**EXERCISE REQUIREMENTS:** Set down the final stretch of the data, from the line that holds "editorial use only;" through the last line, both included, with pictures left out.

**ENTRIES SHOWN:**
--------------------------------------------------
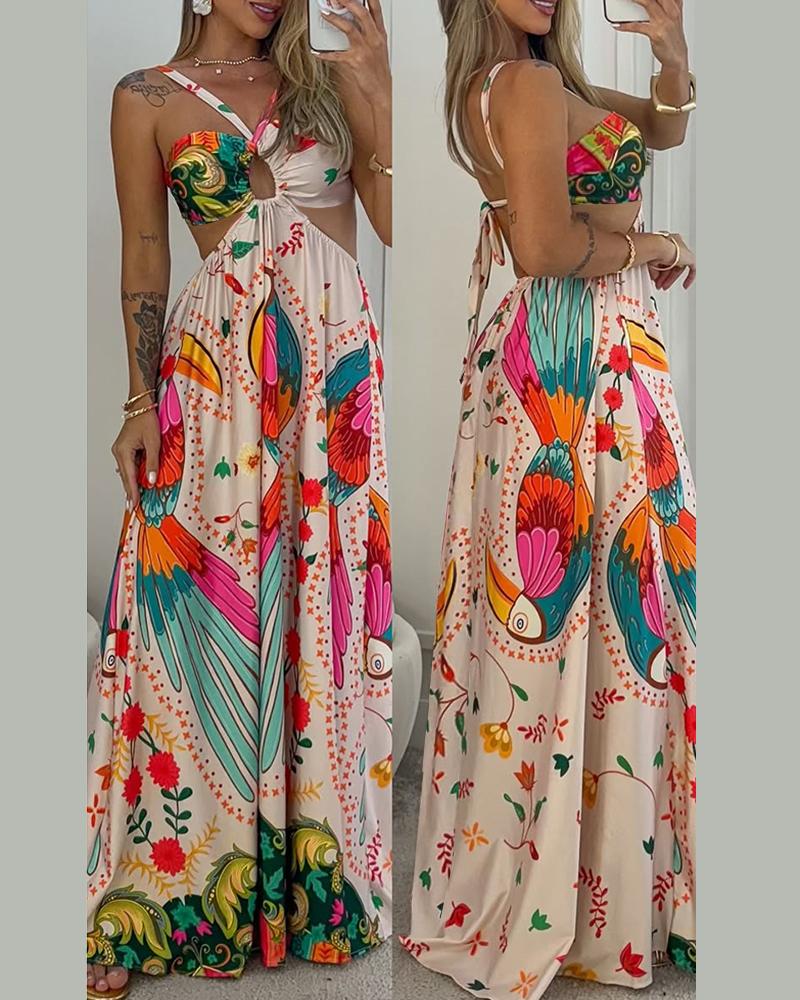

Robe longue dos nu à imprimé floral tropical et toucan avec détails ajourés, Apricot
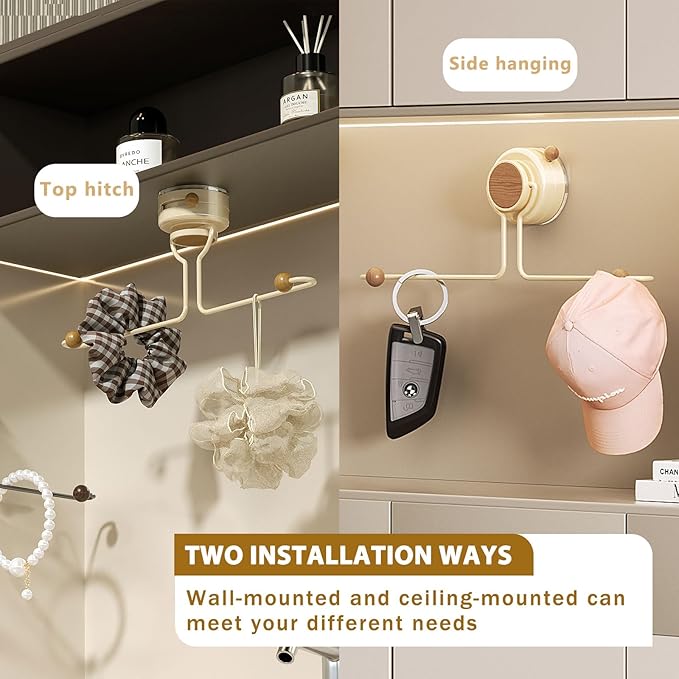 Wall Hanging Jewelry Organizer with Wooden Beads, Strong Suction Cup Hair Clip Holder for Bathroom & Bedroom, 12 Inch Space Saving Storage for Hair Ties, Necklaces, Bracelets, Rings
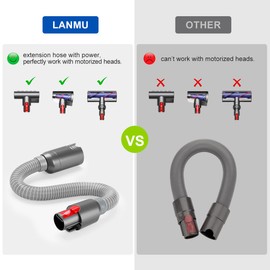 LANMU Upgraded Extension Hose with Electrical Connection Compatible with Dyson V7 V8 V10 V11 Cordless Vacuum Motorized & Non-motorized Attachments,Trigger Lock 35" Flexible Vacuum Hose Attachments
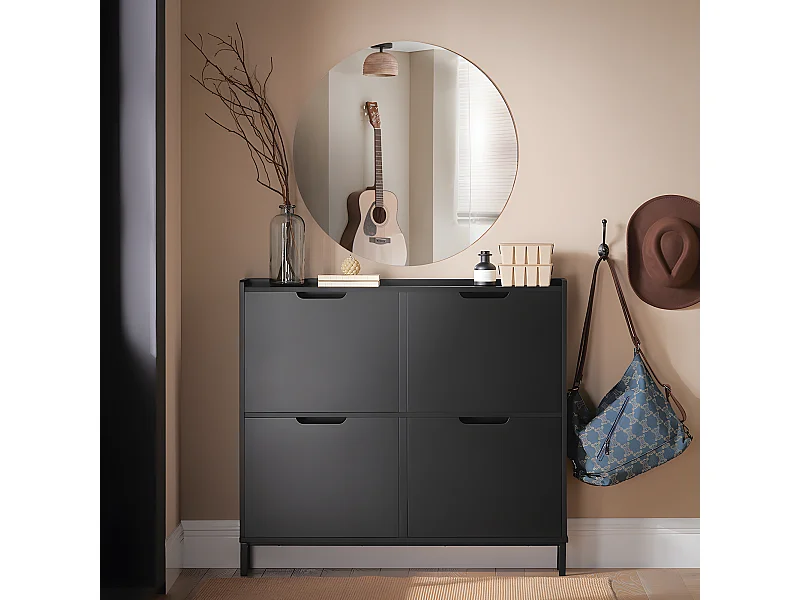 SoBuy FSR100-SCH Armoire à Chaussures Commode à Chaussures 4 Abattants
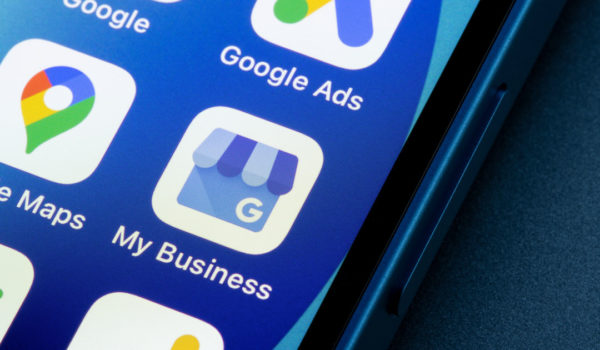 editorial use only; close up of Google My Business phone icon on smartphone screen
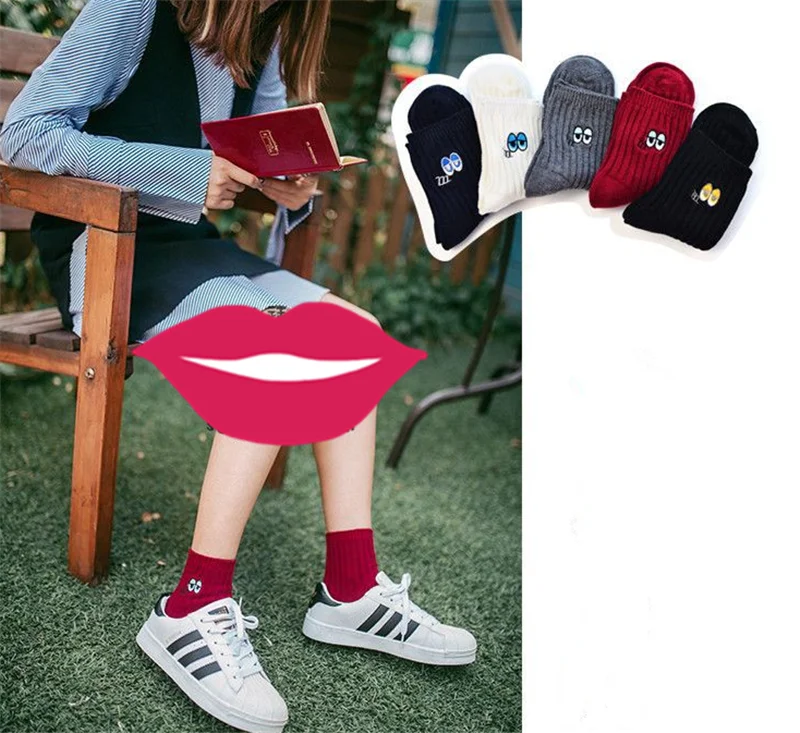Магазин Crazy Fly новые хлопковые носки Harajuku Короткие женские носки Kawaii Полосатые Носки с рисунком милые вышитые глаза забавные летние носки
--------------------------------------------------
**EXERCISE RESULT:**
 editorial use only; close up of Google My Business phone icon on smartphone screen
Магазин Crazy Fly новые хлопковые носки Harajuku Короткие женские носки Kawaii Полосатые Носки с рисунком милые вышитые глаза забавные летние носки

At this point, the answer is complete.